Saudades mesmo eu tenho, vez em quando, do tempo de faculdade. Havia mais amigos, maioridade, estágio com salário ínfimo ainda assim era dinheiro, aprendizados de toda espécie - desde o acadêmico até o amoroso - e muitas possibilidades de diversão. Era um tempo livre. Na rotina de estudante com aulas noturnas e de estagiária diurna, poderia escolher jantar coxinha com batata frita, tapioca, sopa ou macaxeira com charque numa rua chamada por nós, alunos, de Rua do Lazer. Ela ficava entre os blocos da universidade, não passava carro, e tinha uma infinidade de barracas com sabores diversos onde a maioria se alimentava nos intervalos. A vida acontecia no curto prazo.
Este tempo seria o ponto que eu pediria para dar uma volta se pudesse visitar o passado. Mas, o inconsciente tem das suas e quando me encontrei grávida, sem nem perguntar do meu gosto, ele decidiu me levar para a infância. Ora vejam! Lembrei da Rua do Lazer apenas agora, escrevendo este texto. Nos últimos meses, quando havia intervalo nos enjoos, meus desejos viajavam para a casa de vovó Maria ou da minha mãe ou de vovó Salete. Ou melhor, para os meus primeiros anos de existência.

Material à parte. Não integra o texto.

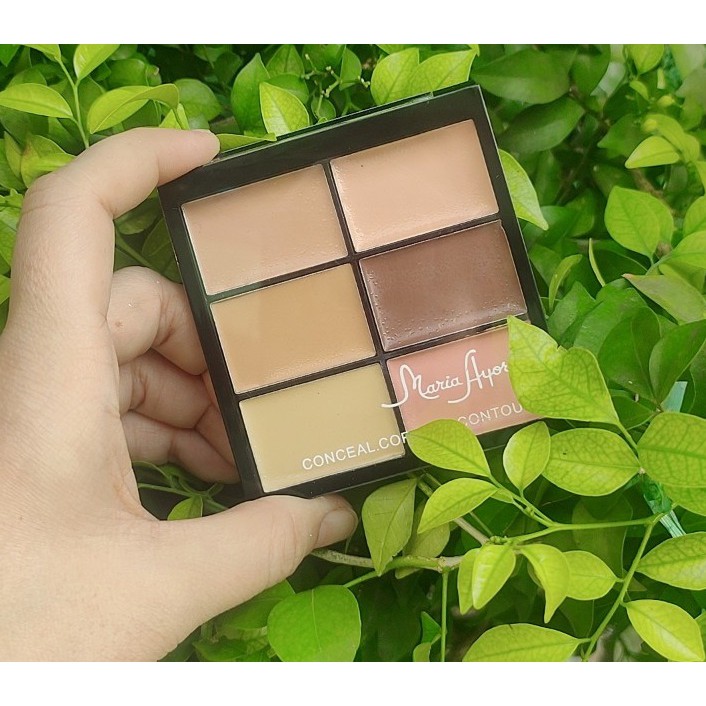 Bảng Kem Che khuyết điểm và tạo khối 6 ô Maria Concealer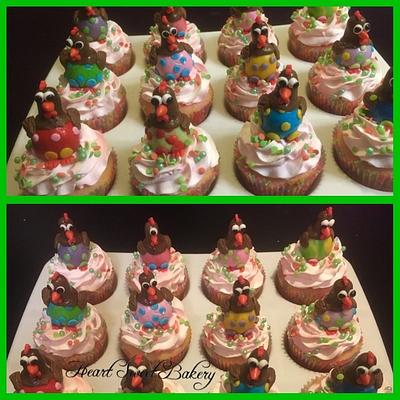 Easter chickens cupcakes - Cake by Heart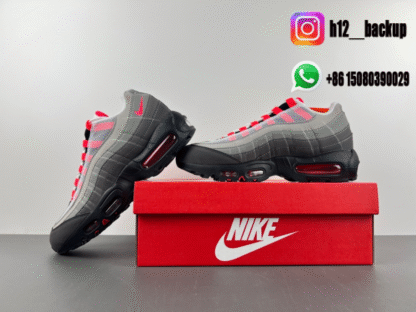 Nike Air Max 95 OG "White/Solar Red" AT2865-100 - Image 4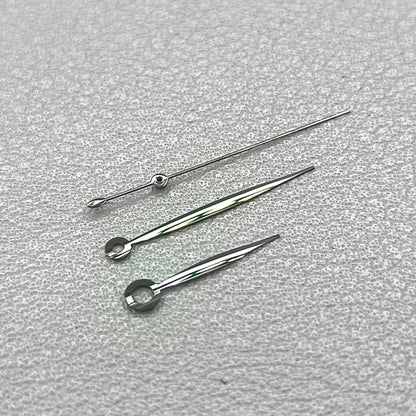 2 Sets/Pack Silver Trim Watch Hands for ETA 2836 2824 2892A2 Movement
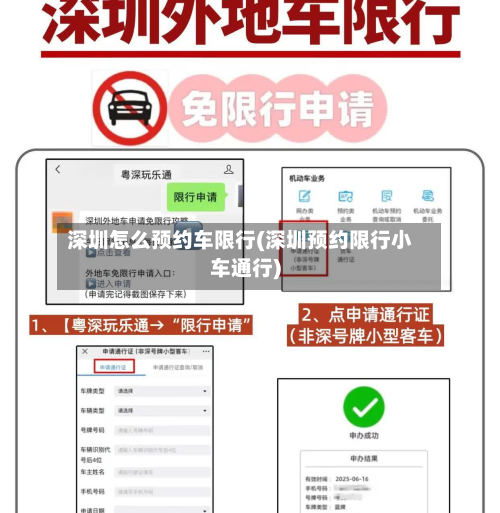 深圳怎么预约车限行(深圳预约限行小车通行)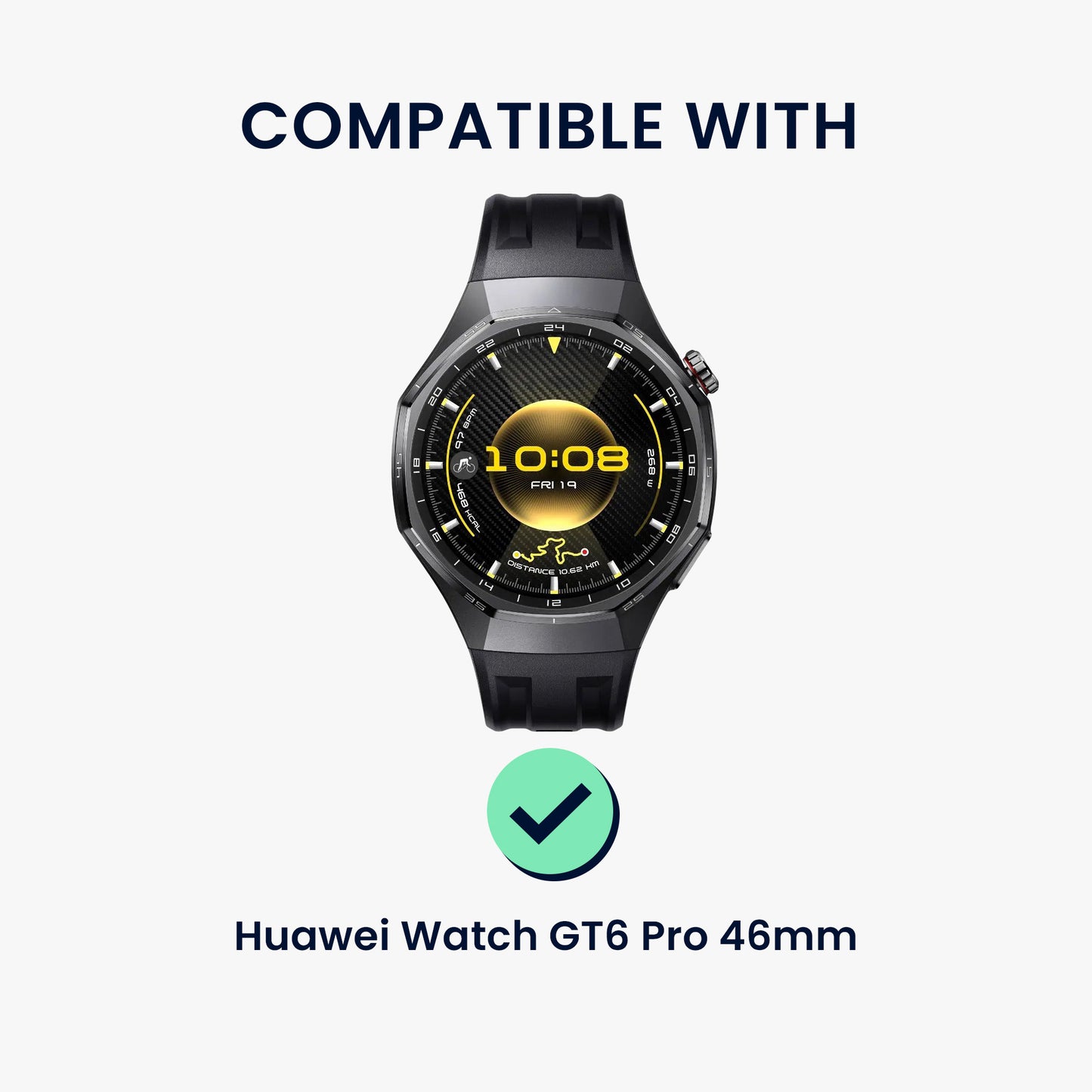 kwmobile Case Compatible with Huawei Watch GT6 Pro 46mm Case Fitness Tracker Cover Soft Smartwatch Case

Quis comer misto quente com maltado bem gelado. Vitamina de abacate (até hoje não consegui satisfazer, pois os abacates estão verdes por toda parte). Bolo branco com recheio de brigadeiro. Pudim de leite da minha mãe. A cocada dela também. O cozido de vovó Maria do qual não conseguirei usufruir pois ela já se encontra em outra morada. Suco de laranja com beterraba. Escondidinho de macaxeira com charque (carne seca para os da Bahia para baixo). Um bolo que minha mãe comprava numa doceria de shopping cujo recheio era preto e branco e tinha pedaços de chocolate. Peixe com molho de coco e pirão. Até refrigerante que não tomo há uns 15 anos me deu na telha. Não tomei ainda com medo de cair no buraco do açúcar adicionado. Vamos ver até quando aguento. A lista é imensa como se pode notar e ela tem muito a dizer.
Acredito que a comida fala mais do que a fome do estômago. Na fragilidade que é participar da gestação de uma nova vida, tudo que se deseja mesmo é colo. Todas as vontades alimentícias seriam muito mais atendidas se viessem acompanhadas de um encontro na sala de estar com o pudim nos pires ou potinhos de sobremesa e se tivesse sido produzido, especialmente para mim, com leite condensado sem lactose, para que eu pudesse comer sem dó. Este encontro coletivo em um mesmo recinto certamente traria à tona alguns arranhões e conflitos como é comum quando se conversa com íntimos.